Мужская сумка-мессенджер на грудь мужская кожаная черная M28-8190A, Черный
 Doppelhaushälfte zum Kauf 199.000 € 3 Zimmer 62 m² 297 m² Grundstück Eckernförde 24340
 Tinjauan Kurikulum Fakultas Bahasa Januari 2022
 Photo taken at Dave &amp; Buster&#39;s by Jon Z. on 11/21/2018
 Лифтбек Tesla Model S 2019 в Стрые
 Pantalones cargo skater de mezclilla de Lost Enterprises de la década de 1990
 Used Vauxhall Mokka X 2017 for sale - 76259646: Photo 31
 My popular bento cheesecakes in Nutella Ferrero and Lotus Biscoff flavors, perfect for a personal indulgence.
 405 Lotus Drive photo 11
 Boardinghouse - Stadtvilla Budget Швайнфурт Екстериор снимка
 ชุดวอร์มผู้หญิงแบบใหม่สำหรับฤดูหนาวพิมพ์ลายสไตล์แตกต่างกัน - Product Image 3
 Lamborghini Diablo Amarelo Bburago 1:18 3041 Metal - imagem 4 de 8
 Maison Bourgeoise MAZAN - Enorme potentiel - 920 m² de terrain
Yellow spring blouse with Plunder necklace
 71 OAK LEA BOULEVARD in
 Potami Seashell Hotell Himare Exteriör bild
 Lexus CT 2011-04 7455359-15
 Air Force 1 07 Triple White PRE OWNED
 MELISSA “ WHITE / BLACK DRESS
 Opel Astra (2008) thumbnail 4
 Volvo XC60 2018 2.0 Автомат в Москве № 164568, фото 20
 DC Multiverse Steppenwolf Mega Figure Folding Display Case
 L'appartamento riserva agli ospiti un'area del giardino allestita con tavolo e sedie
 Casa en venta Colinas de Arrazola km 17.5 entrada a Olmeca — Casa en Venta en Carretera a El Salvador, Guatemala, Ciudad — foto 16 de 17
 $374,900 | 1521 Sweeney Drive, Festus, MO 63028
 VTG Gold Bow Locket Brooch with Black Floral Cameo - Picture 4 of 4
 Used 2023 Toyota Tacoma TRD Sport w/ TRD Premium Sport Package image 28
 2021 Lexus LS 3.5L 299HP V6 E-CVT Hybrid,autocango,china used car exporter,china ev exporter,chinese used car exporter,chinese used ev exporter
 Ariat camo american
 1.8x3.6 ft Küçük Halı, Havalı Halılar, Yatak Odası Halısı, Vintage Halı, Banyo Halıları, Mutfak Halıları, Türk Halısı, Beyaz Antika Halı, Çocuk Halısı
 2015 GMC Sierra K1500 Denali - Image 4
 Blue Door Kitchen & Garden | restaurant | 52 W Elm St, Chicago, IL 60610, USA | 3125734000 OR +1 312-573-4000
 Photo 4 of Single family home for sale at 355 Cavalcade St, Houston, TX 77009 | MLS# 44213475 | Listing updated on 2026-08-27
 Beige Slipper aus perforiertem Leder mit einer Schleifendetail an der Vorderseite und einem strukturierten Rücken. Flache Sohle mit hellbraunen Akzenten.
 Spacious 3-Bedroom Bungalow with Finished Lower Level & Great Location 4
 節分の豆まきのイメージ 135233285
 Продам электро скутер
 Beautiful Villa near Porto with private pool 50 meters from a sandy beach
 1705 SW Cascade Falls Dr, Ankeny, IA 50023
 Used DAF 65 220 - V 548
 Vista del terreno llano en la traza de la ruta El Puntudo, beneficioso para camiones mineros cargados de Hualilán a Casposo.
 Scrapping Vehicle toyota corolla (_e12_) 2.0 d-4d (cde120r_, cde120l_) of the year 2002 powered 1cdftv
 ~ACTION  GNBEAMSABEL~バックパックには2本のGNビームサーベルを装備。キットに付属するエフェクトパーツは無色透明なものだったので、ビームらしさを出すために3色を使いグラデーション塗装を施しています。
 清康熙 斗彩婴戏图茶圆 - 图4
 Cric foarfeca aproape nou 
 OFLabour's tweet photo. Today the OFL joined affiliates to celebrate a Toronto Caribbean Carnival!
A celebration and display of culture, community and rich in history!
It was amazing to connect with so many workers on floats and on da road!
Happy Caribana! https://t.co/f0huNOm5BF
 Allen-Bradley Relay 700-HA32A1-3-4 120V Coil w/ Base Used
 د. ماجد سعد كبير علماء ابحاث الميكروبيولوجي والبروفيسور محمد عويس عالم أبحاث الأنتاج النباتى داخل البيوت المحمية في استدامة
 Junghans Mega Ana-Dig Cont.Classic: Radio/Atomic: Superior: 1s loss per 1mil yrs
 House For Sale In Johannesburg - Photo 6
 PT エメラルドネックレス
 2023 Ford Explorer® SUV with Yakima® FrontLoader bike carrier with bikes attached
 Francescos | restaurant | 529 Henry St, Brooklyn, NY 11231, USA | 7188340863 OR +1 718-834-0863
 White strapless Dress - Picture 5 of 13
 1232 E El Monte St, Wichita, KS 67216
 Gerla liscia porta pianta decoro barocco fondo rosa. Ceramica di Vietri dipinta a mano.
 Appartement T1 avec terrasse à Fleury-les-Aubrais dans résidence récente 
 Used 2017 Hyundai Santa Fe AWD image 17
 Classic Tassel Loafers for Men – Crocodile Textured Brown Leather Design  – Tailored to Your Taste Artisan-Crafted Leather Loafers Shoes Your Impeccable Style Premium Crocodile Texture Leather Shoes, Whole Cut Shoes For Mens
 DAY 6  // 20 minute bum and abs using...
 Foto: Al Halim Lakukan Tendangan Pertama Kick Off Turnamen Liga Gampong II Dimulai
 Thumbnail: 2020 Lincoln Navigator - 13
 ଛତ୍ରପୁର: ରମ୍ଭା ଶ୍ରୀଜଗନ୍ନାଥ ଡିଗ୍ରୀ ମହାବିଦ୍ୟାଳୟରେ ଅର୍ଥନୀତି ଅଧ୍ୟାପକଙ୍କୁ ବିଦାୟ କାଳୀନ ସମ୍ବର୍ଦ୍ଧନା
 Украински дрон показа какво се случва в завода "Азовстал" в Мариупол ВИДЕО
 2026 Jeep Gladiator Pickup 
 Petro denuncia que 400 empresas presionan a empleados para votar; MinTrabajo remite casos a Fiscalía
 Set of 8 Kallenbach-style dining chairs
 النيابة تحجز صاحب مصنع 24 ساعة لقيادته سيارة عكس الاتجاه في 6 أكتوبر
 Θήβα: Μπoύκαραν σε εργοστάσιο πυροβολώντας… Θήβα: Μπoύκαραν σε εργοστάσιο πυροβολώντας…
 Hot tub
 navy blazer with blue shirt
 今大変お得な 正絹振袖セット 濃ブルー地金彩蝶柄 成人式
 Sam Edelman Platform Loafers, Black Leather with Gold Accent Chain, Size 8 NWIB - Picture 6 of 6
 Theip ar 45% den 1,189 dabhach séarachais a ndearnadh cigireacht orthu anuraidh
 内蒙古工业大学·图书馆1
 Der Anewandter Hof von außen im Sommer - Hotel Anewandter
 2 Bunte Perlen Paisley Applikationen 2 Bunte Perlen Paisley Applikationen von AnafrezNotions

---

Exercise details ▸ From the listing above, output exactly the run of lines that starts with the line containing "OFLabour's tweet photo." and ends with the line containing "د. ماجد سعد".

Reply to the exercise ▸
 OFLabour's tweet photo. Today the OFL joined affiliates to celebrate a Toronto Caribbean Carnival!
A celebration and display of culture, community and rich in history!
It was amazing to connect with so many workers on floats and on da road!
Happy Caribana! https://t.co/f0huNOm5BF
 Allen-Bradley Relay 700-HA32A1-3-4 120V Coil w/ Base Used
 د. ماجد سعد كبير علماء ابحاث الميكروبيولوجي والبروفيسور محمد عويس عالم أبحاث الأنتاج النباتى داخل البيوت المحمية في استدامة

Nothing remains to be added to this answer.